2020-12-29, 18:00–19:20, franconian.net
This presentation takes you from why there was a need for an IOMMU, what the attack surface is, and what the common missuses and mistakes are and offers advise along the way.
Back in the old days, when devices wanted to share data with the CPU, it would send it to the CPU (e.g. P/IO) and the CPU would receive it and then handle it. This worked well, for a while, but devices would become faster, and send more data. This was slow, so devices were granted direct access to memory, relieving the CPU of doing any kind of work to receive data, and all the CPU has to do is wait for memory to be written by the device. This worked well. This still works well. DMA is a wonderful thing for performance. Everything became faster, MUCH faster. Everyone was happy. Then -not that long ago- people wanted to make secure "hardware / external PCI port / virtualization". DMA is not your friend in these scenarios, e.g. your hard disk shouldn't be able to read kernel memory and read out DRM keys! There are all sorts of possible creative solutions to this problem. A common one is a thing called an IOMMU, IO Memory Management Unit. These days they come in all shapes and sizes. Conceptually, they act as gate keepers. They get to decide what device gets access to what part of physical memory and are initially programmed by the CPU. This presentation is for the poor schmo who has to port the old drivers (or make new ones utilizing an IOMMU). We've spent the last couple of years reviewing various trusted firmware's and secure devices that make use of an IOMMU to protect against DMA attacks. Many things can go wrong if you're not using the IOMMU correctly. In this presentation we address these issues systematically, showing what they look like and offering some advice.
Ilja van Sprundel is a security researcher that loves to find out new things.
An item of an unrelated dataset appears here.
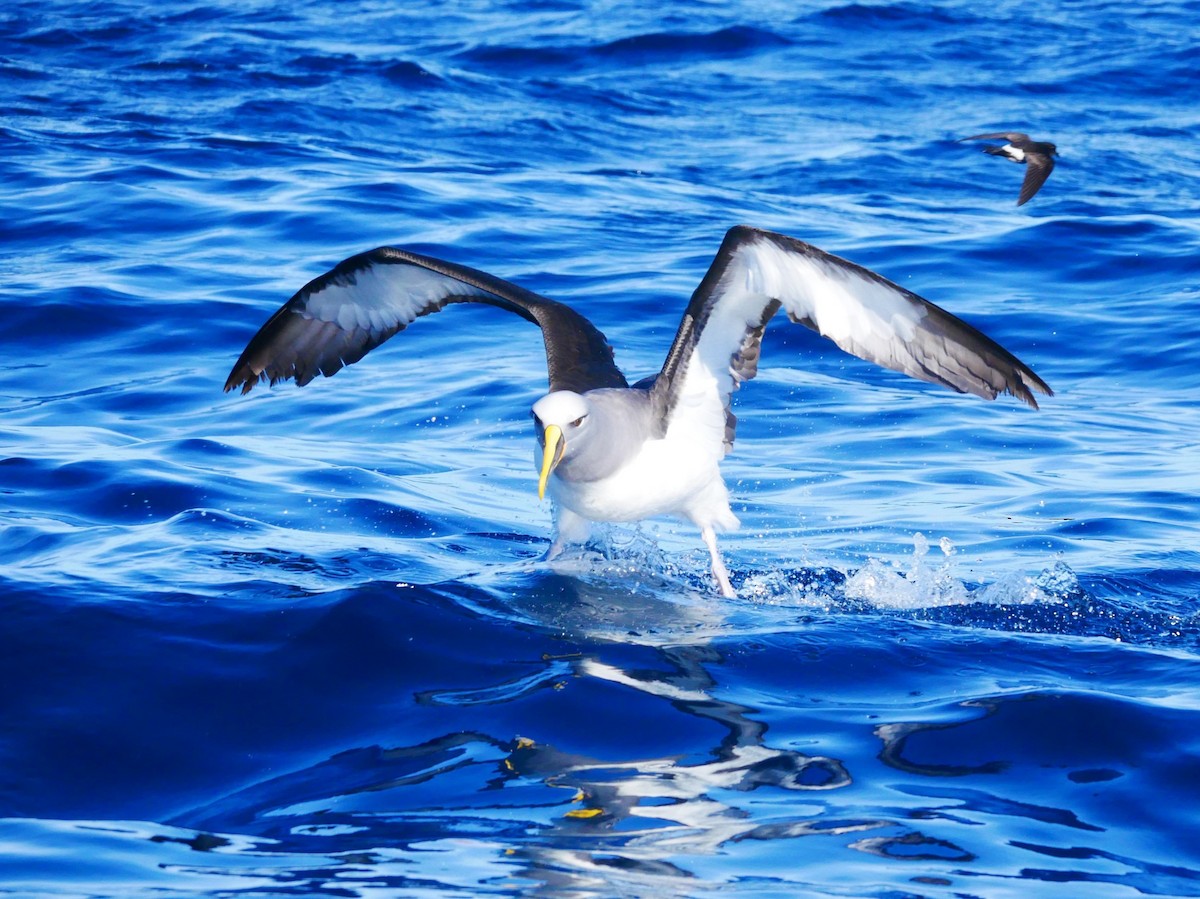 Buller's Albatross - ML619761133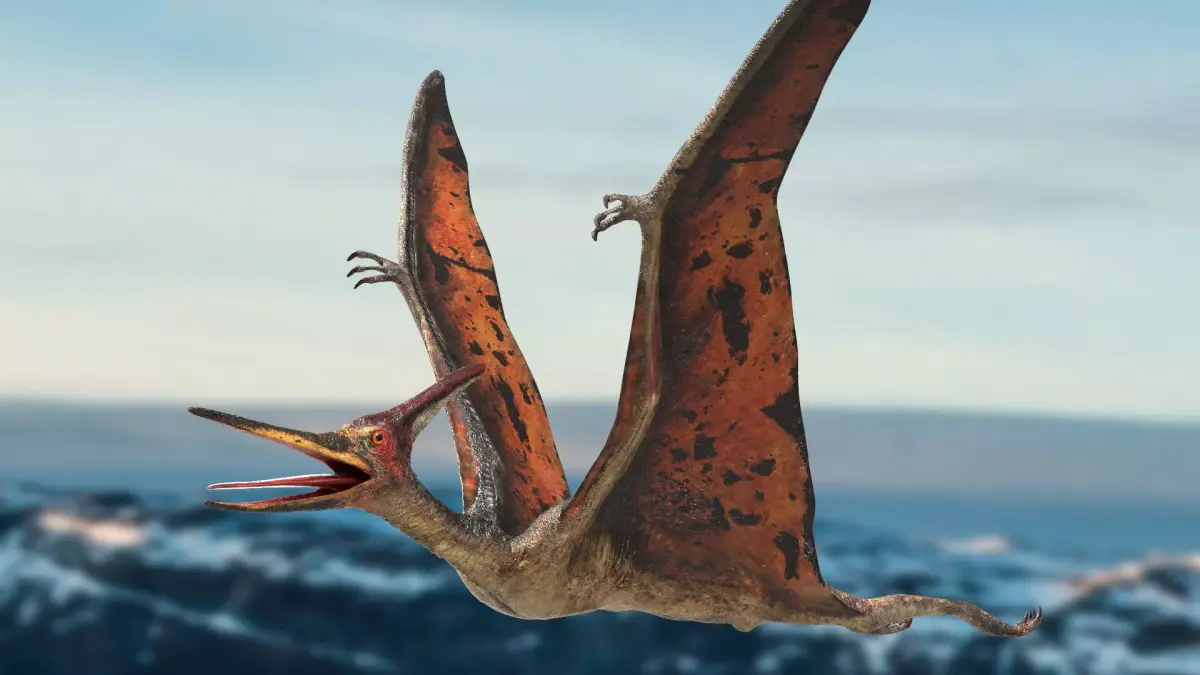 Pteranodon Rigged Animated 3D model Low-poly 3D model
Joseph Tartaro is a security researcher, interested in offensive security and hacking of retro and modern video games. He makes a living as a security consultant at IOActive, which helps fund his degenerate passion for hardware hacking on old video game console hardware. He’s spoken at conferences like Defcon, CCC and Ruxcon and helped bring Metal Gear Online back to life. He enjoys international travel to security conferences to kick it with awesome hackers.